You don’t know it yet, but we owe them big. Because while we were sleeping, they held the great glowing neon firewall. They snuck behind the GUI and took a look at the code holding the data-world together. What they learned scared them. They could have said nothing. They could have robbed us blind. Instead, they played David vs Goliath and set about hacking the world. 

They went up against Microsoft, mass media, and terrorists. Along the way, they crafted code, political philosophies, mayhem, and modern-day security analysis. Not all of them are heroes. The truth is complicated. They hacked for good, for fun, for country, and sometimes merely for chaos. They are at times activists, inventors, mercenaries, vigilantes, pranksters, soldiers, spies, and even Presidential hopefuls. Ugly warts and all CDC doesn't try to hide the flaws of the community.
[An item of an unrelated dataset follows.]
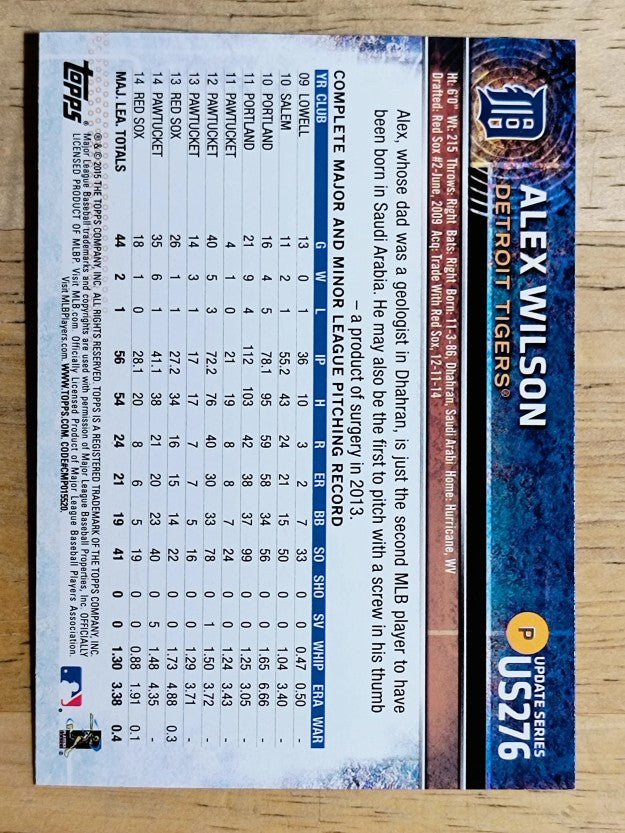 2015 Topps Update #US276 Alex Wilson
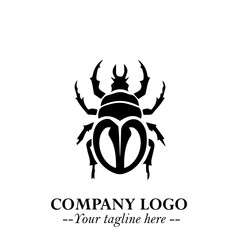 Beetle Logo Symbol in Black on the White Background with Simple Modern Insect Design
Instead, it gives enough space to let things be as they are and the reader to make their own judgments. 

My takeaway: The future is coming and we are going to need a bigger boat.

What do I mean by that? It’s the line from Jaws. That moment when they are chumming the water and Scheider’s character sees the shark for the first time. That’s me after 6 months of CS training. We are going to need a much bigger boat than the paper one we are in now.

That translates into: we need a much broader understanding of what we are dealing with.